Here are just a few “food for thought” that I gleamed from the book:
- Neural Network models pick up whatever it believes as most useful in the data and doesn’t necessarily align with what we humans believe or know to be most important.
- When we use Machine Learning models to solve problems using data, we’re effectively assuming there’s a connection between the information in the data and the problem we want to solve.
- Machine Learning models have no way of knowing whether they have been given representative data – they simply optimize what’s given.
- Question if training data represents the world “we want to live in”, not the world as it exists or existed in the past.
- The golden rule of statistics is: “If you use one set of data to discover a phenomenon, you cannot use the same data to confirm the phenomenon, or any part of it.”
All of these perspectives are backed up with case studies and example by the author. She describes how to collect data for different styles of Machine Learning. Strümke puts an important focus on work being performed in Explainable AI (XAI) and the field of ‘Concept Detection’ to understand the specific conclusions created by AI. I found the description of how deepfakes are created and how they improve themselves using two separate Neural Networks to be particularly eye-opening as well as scary.
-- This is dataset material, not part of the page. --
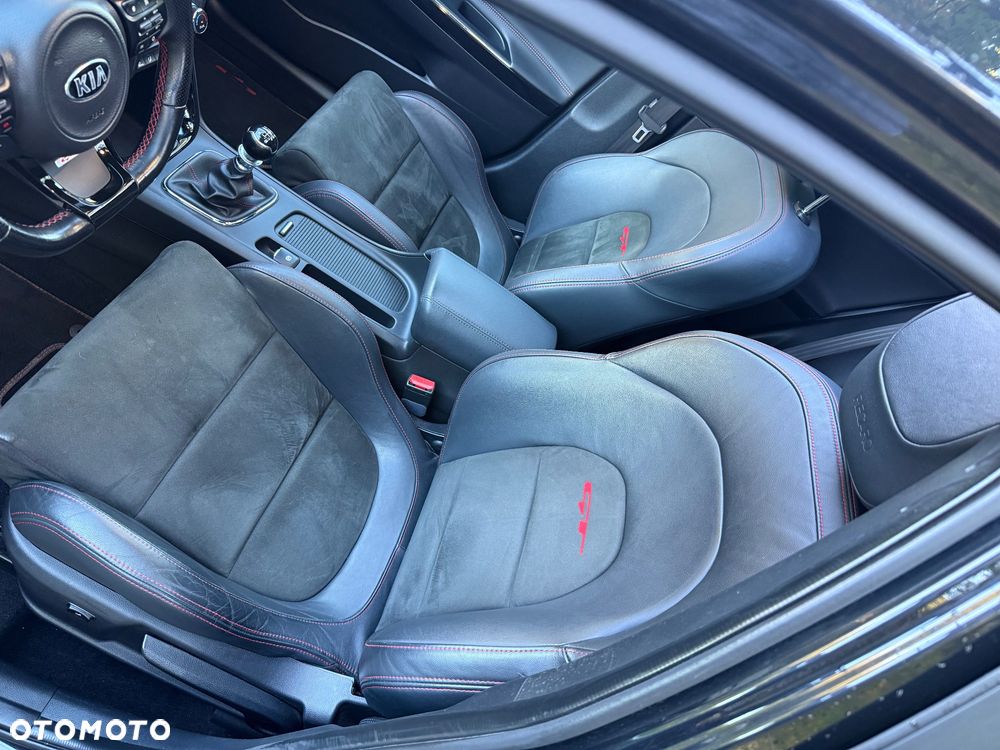 Kia Ceed 1.6 T-GDI GT-Track - 14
The final chapters of the book address ethics related to what AI means to society, employment, and job loss. The author states that “Ethics is not about finding ‘the right thing to do’”. But rather, “It’s about weighing different interests against one another”. An interesting definition that she substantiates with her observations and experience. Further, Strümke provides different approaches to managing risks of unethical behavior with a set of ethical building blocks. Lastly, if you’re concerned about data security and how your data may not be as safely protected as you think it is, you will learn how “Membership Attacks”, “Jailbreaking”, and “Adversarial Images” can expose personal information and fool AI.
In conclusion, ‘Machines That Think’ is a worthy read for every data management professional. It has an overall emphasis on data and provides important insights and approaches that we all should know as we continue a journey into AI and Machine Learning data processing.